Georgia Tech’s apparel provider is the least cool, least trendy apparel provider in college sports. The Yellow Jackets are with Russell Athletic, the same company that might’ve made your baseball pants when you were playing Little League in 1998 or so. The company’s 115 years old, and so are most people who wear its products.
Georgia Tech football coach Paul Johnson makes a key point, though:
Paul Johnson: When the FBI/CBB stuff broke, for once in my life, I said I'm glad we're with Russell Athletic.
— David Glenn Show (@DavidGlennShow) September 28, 2017
The Yellow Jackets are leaving Russell for Adidas in 2018. That’s a blessing, because they’ll be able to recruit better and look cooler. But this week’s events lay plain why being extremely uncool is sometimes the safest play, not unlike in high school.

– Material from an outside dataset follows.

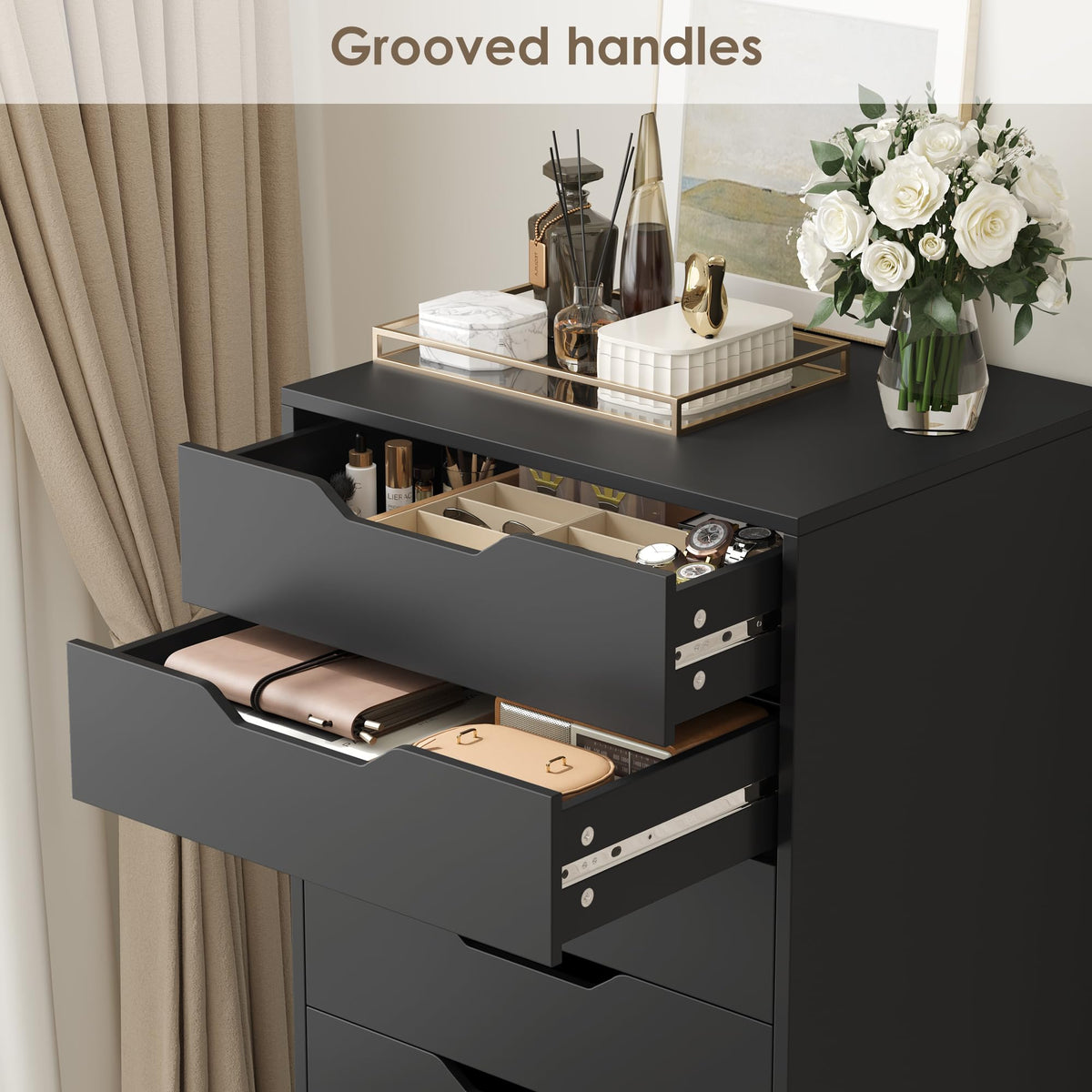 Black 8 Drawer Dresser G9725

Russell Athletic appears uninvolved in this week’s big scandal.
As part of a wide corruption probe into college basketball, the FBI’s accusing Adidas of a bunch of slimy recruiting things. Specifically, the feds believe Adidas funneled money to recruits, with the idea being that those recruits would choose Adidas-sponsored colleges and later sign with the company en route to the NBA. A Nike youth basketball program has also received a subpoena, ESPN reports.

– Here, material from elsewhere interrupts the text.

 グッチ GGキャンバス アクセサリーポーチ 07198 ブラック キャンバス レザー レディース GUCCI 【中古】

College hoops recruiting can be really gross. So can football recruiting, though a scandal in that sport would look different than this one. If the current hoops probe extends to football, the names involved will be smaller. The grandest NCAA recruiting violations are usually carried out by moneyed, passionate fans.
Recruits probably aren’t getting funneled into Russell deals.
This is the whole “Men’s Basketball” page on Russell’s website:
Russell famously sponsors the Harlem Globetrotters, who rule, but the company’s only power-conference college team is Georgia Tech, and it doesn’t have high-profile endorsement deals in the NBA. I don’t know a lot about Georgia Tech’s recruiting efforts specifically, but it seems like the Yellow Jackets are going to avoid this pitfall.